What is expected:
Without its pictures, the listing below is to be transcribed exactly.

Collected data:
--------

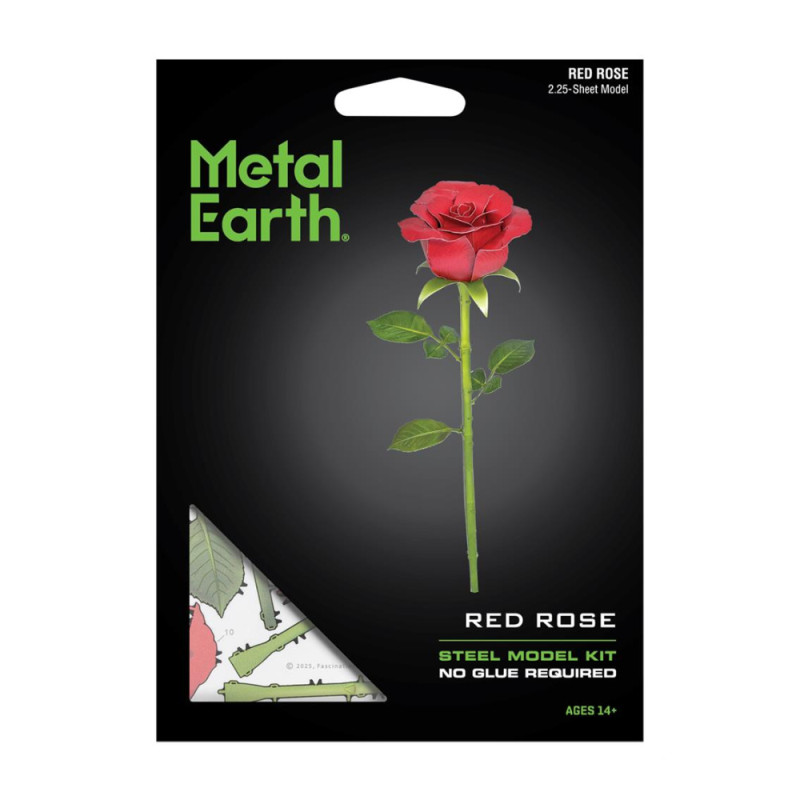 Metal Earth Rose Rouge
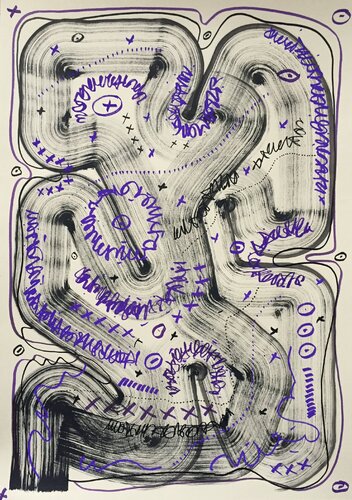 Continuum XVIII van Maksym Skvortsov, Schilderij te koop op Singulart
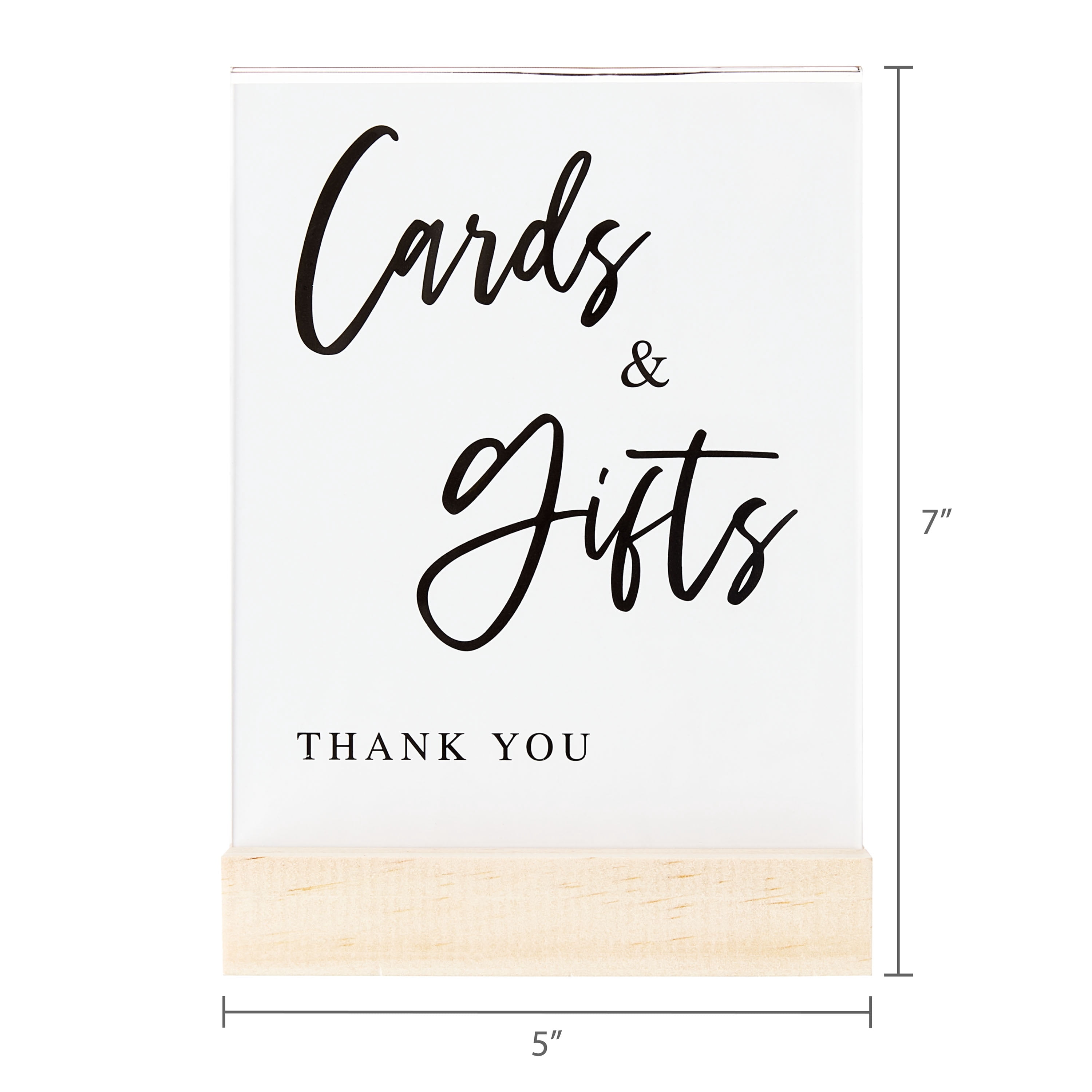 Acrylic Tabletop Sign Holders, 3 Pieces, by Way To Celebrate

--------

Exercise response:
 Metal Earth Rose Rouge
 Continuum XVIII van Maksym Skvortsov, Schilderij te koop op Singulart
 Acrylic Tabletop Sign Holders, 3 Pieces, by Way To Celebrate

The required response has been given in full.